Suddenly the publishing workflow becomes unidirectional and this whole
syncing problem with Hg<->Git SHA-1 maps becomes abstracted away into
the implementation of Autoland. We can stand up Git servers to allow Git
native ingestion, without burdening Git users with the knowledge,
overhead, or cognitive dissonance of Mercurial.

Not sure if I follow.  Are you suggesting that git users push to their
own vanilla git server, and then autoland comes around some time later,
converts that into hg, and tries to transplant the result?  Why is that
better than just having a git server that pushes to an hg server before
accepting a push?  That seems to both address the use case of pushing to
Autoland's hg repo, and also the use cases that do not involve Autoland.

Part of Autoland is discovery of unpublished heads. I imagine this will be triggered by pushing to a well-defined repository. But having Autoland discover things from "user repositories" is certainly in the realm of possibility.

If Autoland knows the Git<->Hg SHA-1 mapping, there should be little reason Autoland can't discover landing requests from Git repositories. I think details such as when the Git -> Hg conversion occurs are an implementation detail of the Autoland service and shouldn't be relevant to Git users. Correct me if I'm wrong, but if the Git conversion is happening on the server and the Git commit SHA-1's are stable, I don't think the Git users should care about what's actually happening, right?

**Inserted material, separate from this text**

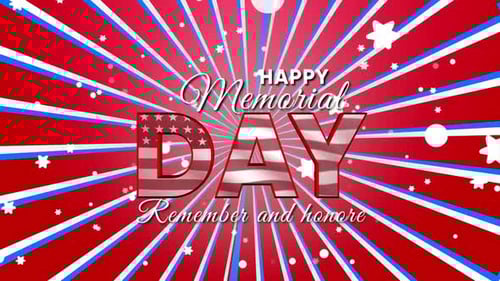 Happy Memorial Day Title Animation with Patriotic Starburst Background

It also means the server-side infrastructure becomes more complex and
harder to maintain. To achieve the tight cohesion necessary to present a
fully optimized and seamless workflow, all these services likely need to
be running as part of the same logical system, sharing the same
underlying data store, without syncing being a major issue. Do I think
this is the right and inevitable solution? Yes, I do. Ideal, no. (Ideal
would be to support one system - and tell the users of the other to take
a hike. If I had my way, that one system would be Mercurial because it
is easier to extend and can lead to better productivity. But short of a
mandate that makes a lot of people upset and has extremely high costs to
implement, this ideal isn't going to happen.)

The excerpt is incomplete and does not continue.